Je repense à la prière d’Horace (O rus, quando ego te aspiciam !) pour qui l’amour de sa maison des champs est un bien plus précieux et respectable que toutes les pitoyables vanités terrestres de la gloire, du pouvoir et de l’ambition sociale. 
Elle est la retraite heureuse de l’honnête homme, l’asile protecteur du poète et du philosophe, à l’écart de toutes les accablantes agitations du siècle, entourée de ces jardins pleins de délices et de réminiscences dorées, semblables à celui où je me trouvais cet après-midi d’été. 
En ce lumineux séjour des choses simples et bonnes, le sentiment atteint ce que la sagesse naturelle regarde comme l’expérience même de la sérénité, cette ineffable et calme félicité des résonances intérieures, cet accord mélodieux entre le rêve et le monde… 
Au reste, est-il dans le cœur de l’homme un plaisir plus noble et une pratique de l’existence plus vertueuse que la liberté de la vie champêtre ? Qu’il est bon en vérité de partager le temps infime qui nous est donné ici-bas, entre les saines activités d’une occupation rustique et les agréments de l’aimable oisiveté, celle que déjà l’auteur des Satires consacrait à « la lecture des livres des Anciens et aux doux entretiens de l’amitié ». 

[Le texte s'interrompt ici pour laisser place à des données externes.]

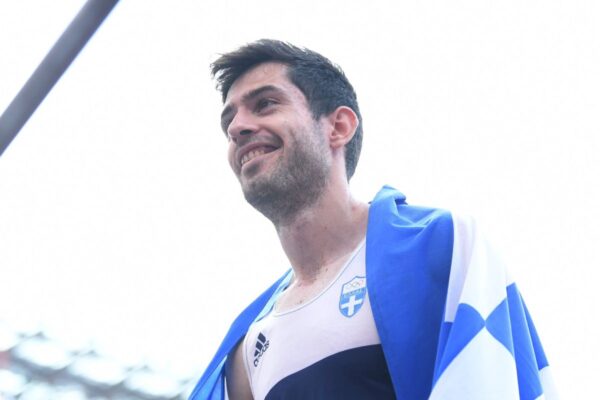 Μίλτος Τεντόγλου: Και με άλλα… παπούτσια, ο καλύτερος είναι – Πέταξε στα 8,41 μ.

Honorius/ Les Portes de Janus/ 1992

Alma Mater (11) Philémon et Baucis


Le souvenir de l’arrière-grand-mère maternelle, la bien nommée Vincenza De Lucia (prononcer « dé loutchi-ya), restera dans notre mémoire comme une de ces figures tutélaires, issue des antiques lignées de la terre, que l’œuvre du temps a pétri d’une expression infinie de douceur et de bonté. 
Son existence résume à elle-seule l’histoire et la destinée des ressources laborieuses de la civilisation. Son nom, qui résonne d’une harmonie céleste, évoque les sources lumineuses d’un midi flamboyant où s’élève la sève d'une jubilation universelle, la puissante allégresse de la vie.